Now the thought of leaving this existence doesn't particularly scare me except for the fact that I've never done it before that I know of and I'm not exactly sure how to go about doing it correctly.  I suppose I'll figure it out when the time comes.  After all, billions of people before me have been able to stumble through dying without any formal training.  Some were very good at it and some were not so good, but they're all dead for sure.  You don't get to put it off until you get some training.  I'd rather do a good job and be remembered as someone who seemed to know what he was doing at the end.

So the part that hit me so hard was when I asked myself "How will I be remembered?"  I'm not sure if I've done or made anything that people will point to and say "I know the guy who did that.  He's dead now but he left this great thing for the benefit of the rest of us who are still here."  I feel some amount of pressure to make sure I have a few of those things done before I go.  I decided to take a personal inventory.

As I considered what I will leave for those who outlast me or come along well after I'm gone, I decided that there actually are a few things that might be of value to someone in the future.  I have four great kids, a lot of stuff that I've written over the years, a large body of photography work, and countless memories with friends, family, foes, and random people I've met over the years.  Obviously my memories will go with me, but hopefully the memory of me, whether good or bad, will last in the memories of others I've encountered over the years at least for a while.  I don't have a bunch of possessions, real estate, or a big stack of money stashed away somewhere (sorry kids).  I do, however, have a couple of pretty great cats.

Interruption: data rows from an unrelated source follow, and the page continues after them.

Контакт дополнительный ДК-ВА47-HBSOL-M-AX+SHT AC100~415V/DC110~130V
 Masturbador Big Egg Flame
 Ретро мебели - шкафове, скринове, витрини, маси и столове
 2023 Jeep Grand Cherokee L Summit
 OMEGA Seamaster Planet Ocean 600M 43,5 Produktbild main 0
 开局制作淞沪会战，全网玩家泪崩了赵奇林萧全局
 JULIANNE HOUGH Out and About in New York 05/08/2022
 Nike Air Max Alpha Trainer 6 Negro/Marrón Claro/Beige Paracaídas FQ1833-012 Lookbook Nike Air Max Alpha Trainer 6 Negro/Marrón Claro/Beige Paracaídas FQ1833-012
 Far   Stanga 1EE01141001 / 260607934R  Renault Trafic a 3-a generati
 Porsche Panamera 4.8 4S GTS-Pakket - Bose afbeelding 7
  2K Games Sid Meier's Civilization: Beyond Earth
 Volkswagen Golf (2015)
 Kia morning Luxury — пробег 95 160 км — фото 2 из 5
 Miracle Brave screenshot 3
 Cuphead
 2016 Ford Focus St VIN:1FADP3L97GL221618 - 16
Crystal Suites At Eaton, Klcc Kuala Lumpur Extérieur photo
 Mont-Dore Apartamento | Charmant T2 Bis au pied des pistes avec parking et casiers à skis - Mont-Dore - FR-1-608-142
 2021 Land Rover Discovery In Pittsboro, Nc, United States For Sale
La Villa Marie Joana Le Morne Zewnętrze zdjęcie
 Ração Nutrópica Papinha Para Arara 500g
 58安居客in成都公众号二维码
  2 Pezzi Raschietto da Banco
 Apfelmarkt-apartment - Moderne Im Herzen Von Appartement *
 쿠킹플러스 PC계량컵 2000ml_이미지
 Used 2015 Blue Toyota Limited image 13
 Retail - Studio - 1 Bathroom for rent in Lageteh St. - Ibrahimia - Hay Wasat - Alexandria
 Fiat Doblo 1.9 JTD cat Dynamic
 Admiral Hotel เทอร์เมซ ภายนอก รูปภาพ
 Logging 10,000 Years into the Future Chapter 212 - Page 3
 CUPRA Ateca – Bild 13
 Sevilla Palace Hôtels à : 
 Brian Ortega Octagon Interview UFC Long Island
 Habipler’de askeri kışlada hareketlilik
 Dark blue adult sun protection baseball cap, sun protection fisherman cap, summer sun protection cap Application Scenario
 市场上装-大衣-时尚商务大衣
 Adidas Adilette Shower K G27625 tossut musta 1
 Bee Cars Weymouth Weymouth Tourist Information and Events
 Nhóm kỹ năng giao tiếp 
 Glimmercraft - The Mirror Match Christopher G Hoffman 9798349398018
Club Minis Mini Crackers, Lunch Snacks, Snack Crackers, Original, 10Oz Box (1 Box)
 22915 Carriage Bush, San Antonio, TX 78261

So there.  I guess I really HAVE done something in those 62 years, even if I didn't realize I was doing it at the time.  Well, I better get this post finished up.  Only 11 years left and a lot of stuff left to do.

Note:  If you're reading this post and thinking it is some kind of goodbye note that will likely be followed by a self-inflicted early exit from this world, you can just stop it.  I'm not even close to being done with this life yet.